Puis Me Dosé l’invite à s’exprimer sur les actes commis par les frères Abdeslam : « Il n’y a pas de mot, insiste Ali Oulkadi. Déjà encore aujourd’hui, je n’arrive pas à croire comment ils ont pu participer à ça. C’est de la folie. Ça n’a rien à voir avec ma religion. Tuer des gens qui sont en train de boire un verre, on était tous les jours en train de boire des verres en terrasse. Je ne comprends pas […] C’est quelqu’un que j’apprécie, comme son frère. Je suis chamboulé, je n’arrive pas à trouver les mots. »

«Juste ça s’il te plaît»

Le jeune Belge de 34 ans évoque ensuite ses « 28 mois à l’isolement », les souffrances de sa famille puis se met à pleurer. C’est alors que spontanément, Salah Abdeslam s’exprime enfin : « J’ai quelque chose à dire. Je comprends sa situation. Je compatis. Mais je n’ai pas de pouvoir, je ne peux rien pour lui. Comme je ne peux rien pour moi-même. Je n’ai rien d’autre à dire. »

Mais le juge insiste, sur la question cruciale de la présence ou non de son ami dans la planque. « Juste ça s’il te plaît », l’implore alors Ali Oulkadi. « Je confirme qu’il n’est jamais rentré dans cet appartement », déclare finalement Abdeslam qui desserre enfin sa mâchoire. « Je n’ai jamais sollicité l’aide de cette personne, je ne lui ai jamais téléphoné ou quoi que ce soit », ajoute-t-il.

«Il ne pouvait pas savoir que j’étais l’ennemi public numéro 1»
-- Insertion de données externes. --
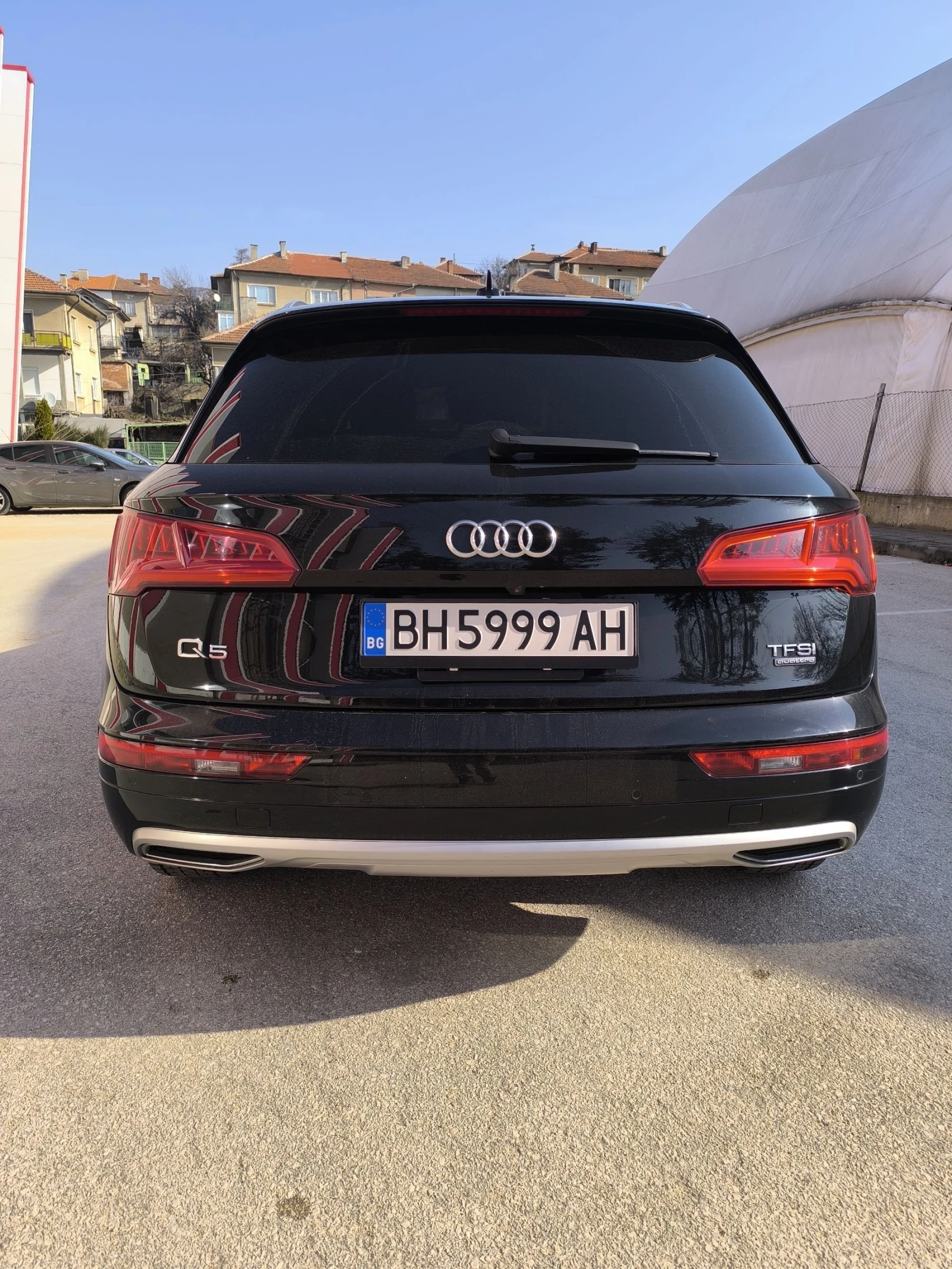 Audi Q5 | Mobile.bg � ����������� 7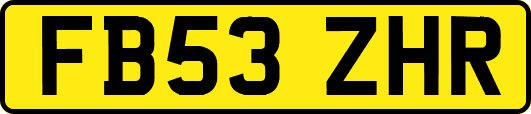 FB53ZHR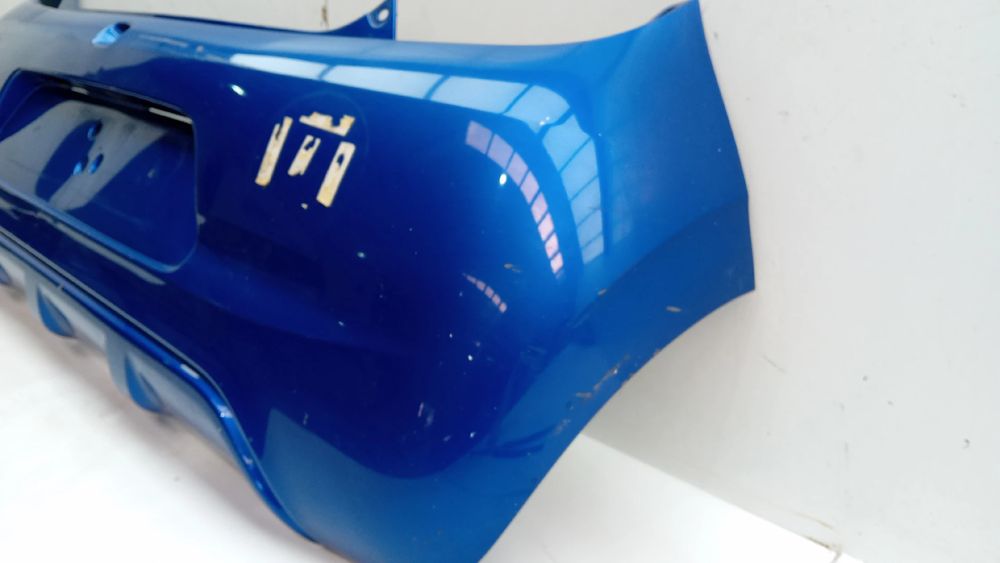 Pára-choques trás PEUGEOT 108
Après avoir lâché ces bribes d’informations, Salah Abdeslam revient brièvement sur l’épisode du convoyage en voiture, là encore pour dédouaner le meilleur ami de son frère : « Ce que je tiens à dire, c’est que le 14 […], mes photos ne circulaient pas partout, dans les médias. Il ne pouvait pas savoir que j’étais l’ennemi public numéro 1 à ce moment-là. Il ne pouvait pas savoir si j’étais impliqué ou soupçonné de quoi que ce soit à ce moment-là. C’est tout. […] C’est quelqu’un de bien et quelqu’un de normal, qui a une famille. Et voilà c’est tout. »

C’en est alors fini des « confessions » de Salah Abdeslam qui se referme ensuite comme une huître. Interrogé notamment pour savoir si Ali Oulkadi avait connaissance des attentats, il reprend son attitude favorite et « garde le mutisme ».

Suite à cette confrontation, Me Dosé avait récemment formulé une demande de mise en liberté de son client. Elle vient donc d’être acceptée par le juge d’instruction. Un accord a été trouvé entre les autorités belges et françaises afin qu’Ali Oulkadi, qui demeure mis en examen dans ce dossier, puisse exécuter les modalités de son contrôle judiciaire dans son pays d’origine.